#### The data:

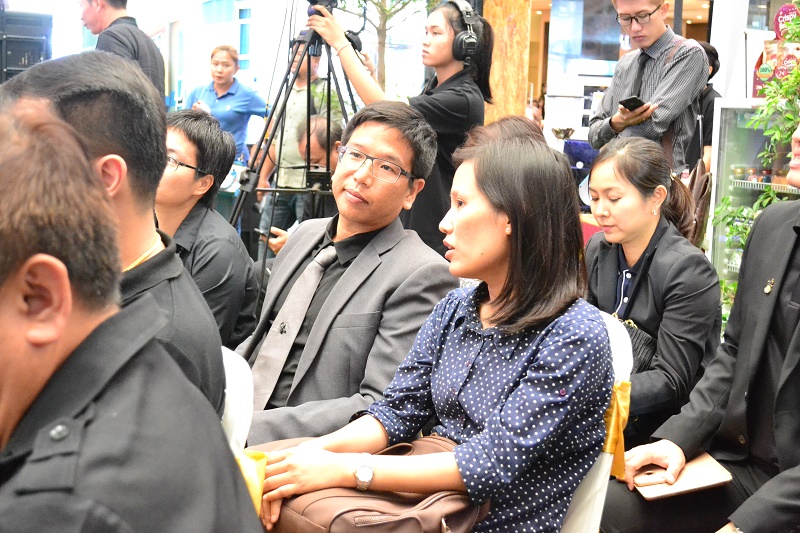 “Design Project Exhibition”ในงานมหกรรมบ้านและคอนโดพิษณุโลกครั้งที่ 1  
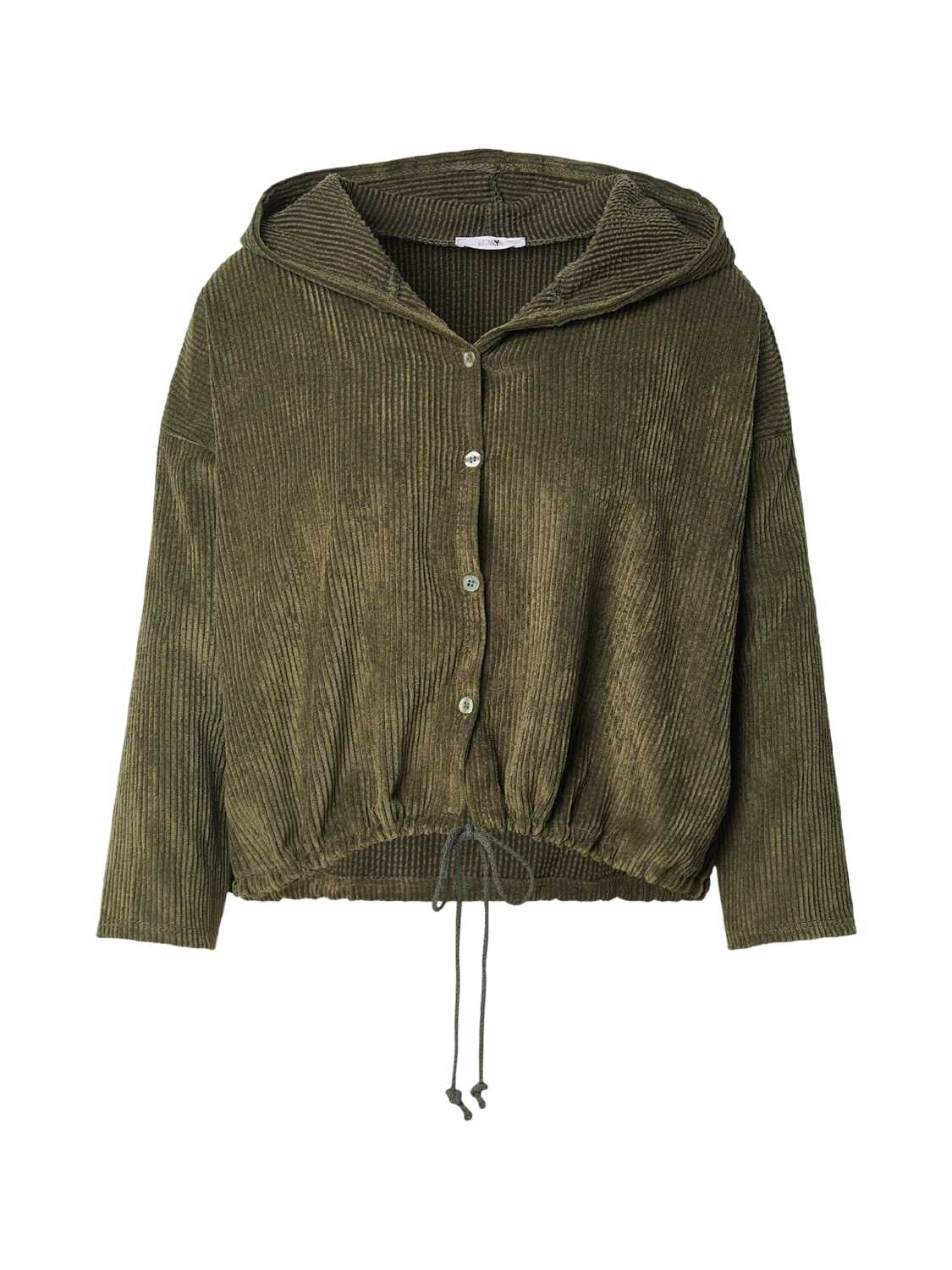 Hailys Блузка 'Be44rta' в цвете Olive
Hailys Блузка 'Be44rta' в цвете Olive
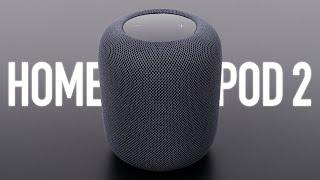 Apple HomePod 2 - Das ausführliche Review | Was kann der neue HomePod?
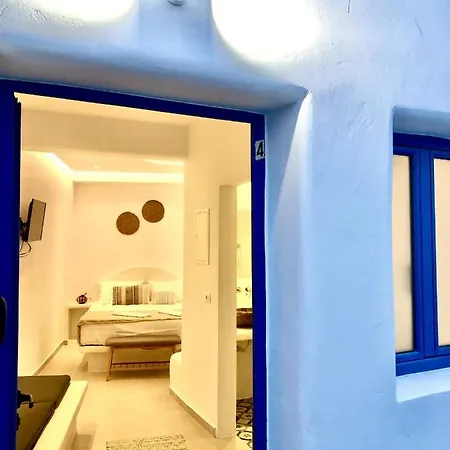 Appartement Oldtown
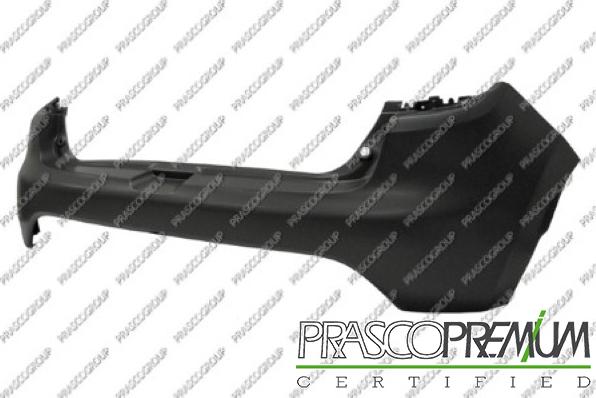 Prasco RN3291051 - Paraurti www.autoricambi360.it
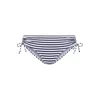 VENICE BEACH Bikini hlačke Summer mornarska/bela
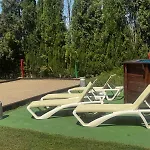Chalet Resiu Serinya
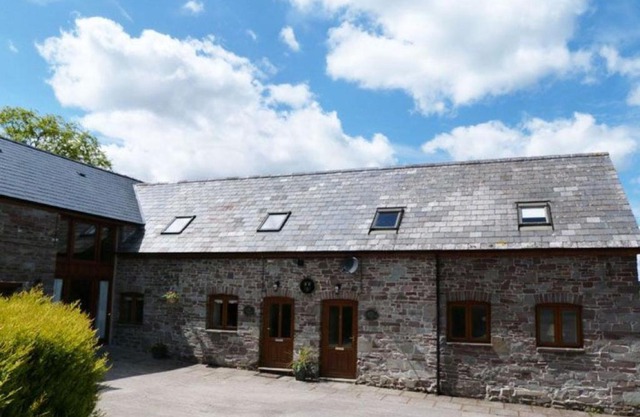 Holiday Home Arren by Interhome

#### Task statement:
Transcribe every line of the data exactly. No pictures go in the copy.

#### Task result:
 “Design Project Exhibition”ในงานมหกรรมบ้านและคอนโดพิษณุโลกครั้งที่ 1  
 Hailys Блузка 'Be44rta' в цвете Olive
Hailys Блузка 'Be44rta' в цвете Olive
 Apple HomePod 2 - Das ausführliche Review | Was kann der neue HomePod?
 Appartement Oldtown
 Prasco RN3291051 - Paraurti www.autoricambi360.it
 VENICE BEACH Bikini hlačke Summer mornarska/bela
Chalet Resiu Serinya
 Holiday Home Arren by Interhome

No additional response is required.